Çocuk doğurma potansiyeli bulunan kadınlar/Doğum kontrolü (Kontrasepsiyon)

Siprofloksasinin doğum kontrol yöntemlerine bilinen bir etkisi bulunmamaktadır.

Gebelik dönemi

Siprofloksasin için, gebe kadınlarda uygun klinik çalışma mevcut değildir. Gebelik süresince kullanılmamalıdır.
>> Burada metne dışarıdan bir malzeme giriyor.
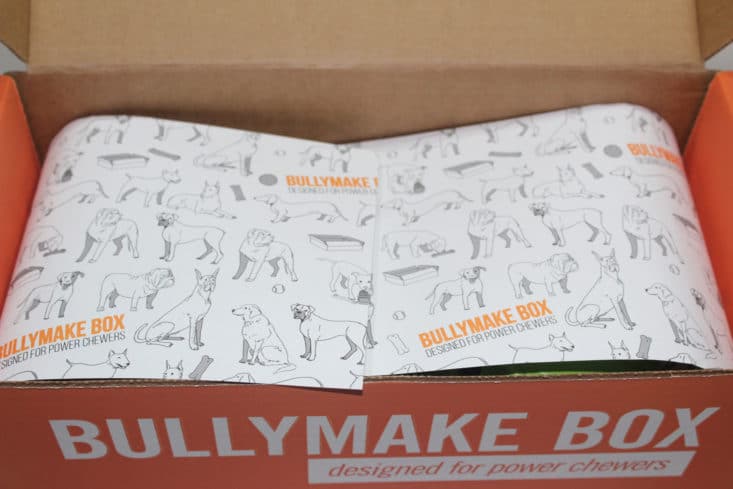 Bullymake Box June 2017 Dog Subscription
Siprofloksasinin lokal olarak uygulandığı ve hayvanlar üzerinde yapılan çalışmalar, gebelik / embriyonal / fetal gelişim / doğum ya da doğum sonrası gelişim ile ilgili olarak doğrudan ya da dolaylı zararlı etkiler olduğunu göstermemektedir.

Laktasyon dönemi

Oral olarak uygulanan siprofloksasin anne sütünde bulunmuştur Topikal olarak uygulanan siprofloksasinin insan sütüne geçip geçmediği bilinmemektedir.
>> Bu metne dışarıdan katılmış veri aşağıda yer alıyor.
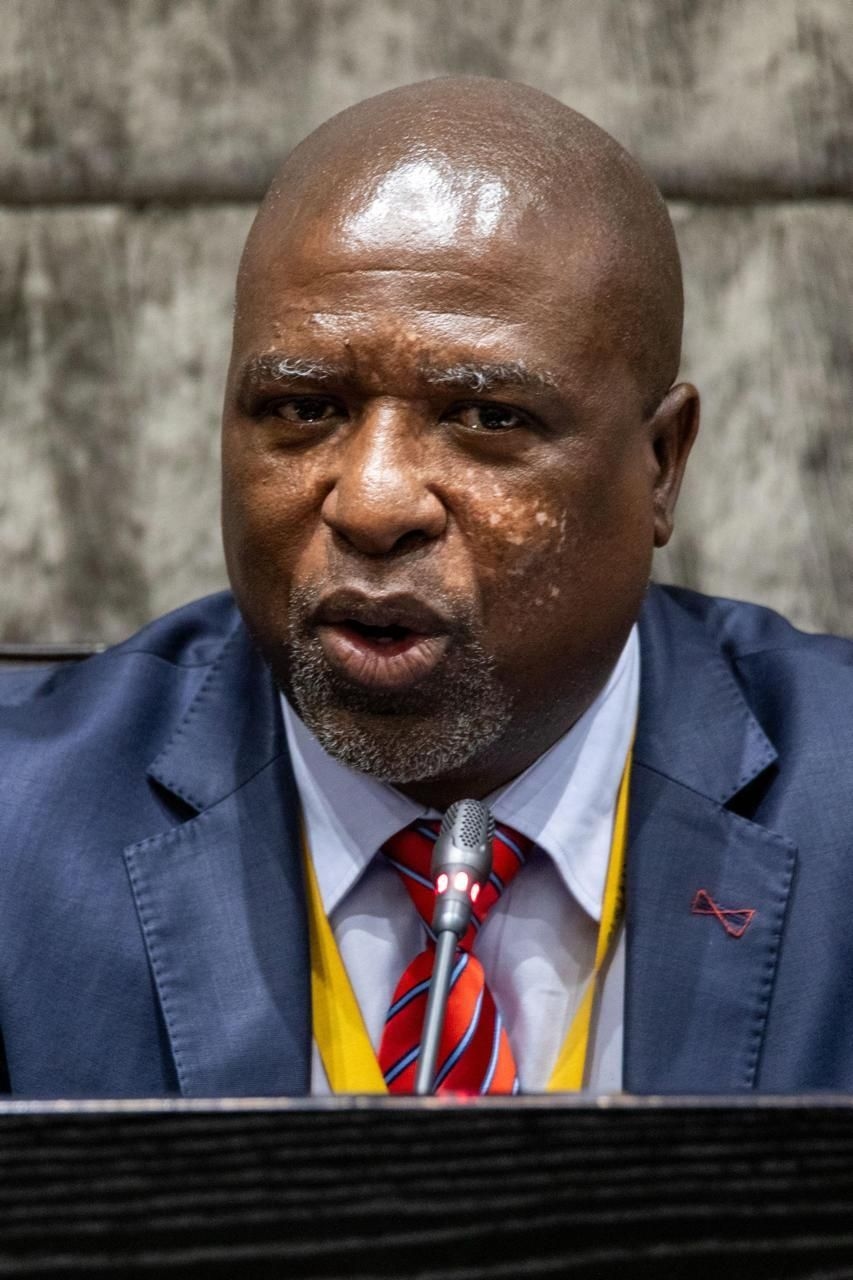 Ad hoc Committee sets Friday deadline to finalise terms of reference in Mkhwanazi's probe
Emziren kadınlara SİPROGUT uygulanacaksa dikkatli olunmalıdır.

Üreme yeteneği/Fertilite

Hayvan çalışmalarında fertilite yeteneği üzerinde herhangi bir etki bildirilmemiştir. İnsanlardaki etkisine ilişkin veri mevcut değildir.

4.7. Araç ve makine kullanımı üzerindeki etkiler

Araç ve makine kullanımı üzerine etkisi bilinmemektedir.

4.8. İstenmeyen etkiler

Klinik çalışmalarda hastaların yaklaşık % l’inde bildirilen advers etkiler kulak kaşıntısı ve kulak akıntısıdır.
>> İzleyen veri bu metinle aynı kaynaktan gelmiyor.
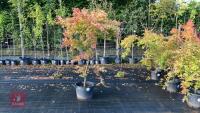 ACER PALMATUM ORANGE DREAM (ORANGE DREAM - 2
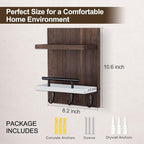 Key Holder Wall Mount, Key Holder With 2 Display Shelf, 3 Hooks for Key, Coat, Dog Leash, Key Hanger with Hook for Mail, Pott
Sıklıklar şöyle tanımlanabilir: Çok yaygın (>1/10), yaygın (>1/100 ila <1/10), yaygın olmayan (>1/1.000 ila <1/100), seyrek (> 1/10.000 ila <1/1.000), çok seyrek (<1/10.000), bilinmiyor (eldeki verilerden hareketle tahmin edilemiyor).

Sinir sistemi hastalıkları

Yaygın olmayan: Baş ağrısı

Kulak hastalıkları

Yaygın olmayan: Kulak ağrısı, kulak tıkanıklığı, kulak kaşıntısı, kulak çınlaması, kulak akıntısı

Deri ve deri altı doku hastalıkları

Yaygın olmayan: Dermatit

Genel hastalıklar

Yaygın olmayan: Yüksek ateş

Şüpheli advers reaksiyonların raporlanması

Ruhsatlandırma sonrası şüpheli ilaç advers reaksiyonlarının raporlanması büyük önem taşımaktadır. Raporlama yapılması, ilacın yarar/risk dengesinin sürekli olarak izlenmesine olanak sağlar. Sağlık mesleği mensuplarının herhangi bir şüpheli advers reaksiyonu Türkiye Farmakovijilans Merkezi (TÜFAM)’ne bildirmeleri gerekmektedir (www.titck,gov.tr: e-posta: tufam@titck,gov.tr: tel: 0 800 314 00 08; faks: 0 312 218 35 99).

4.9. Doz aşımı ve tedavisi

Hiçbir doz aşımı vakası rapor edilmemiştir. Yanlışlıkla ve kasıtlı aşırı doz yutulmasına bağlı bir bilgi yoktur. Bu ürünün kulak içine yüksek doz kullanımına bağlı toksik etkiler beklenemez.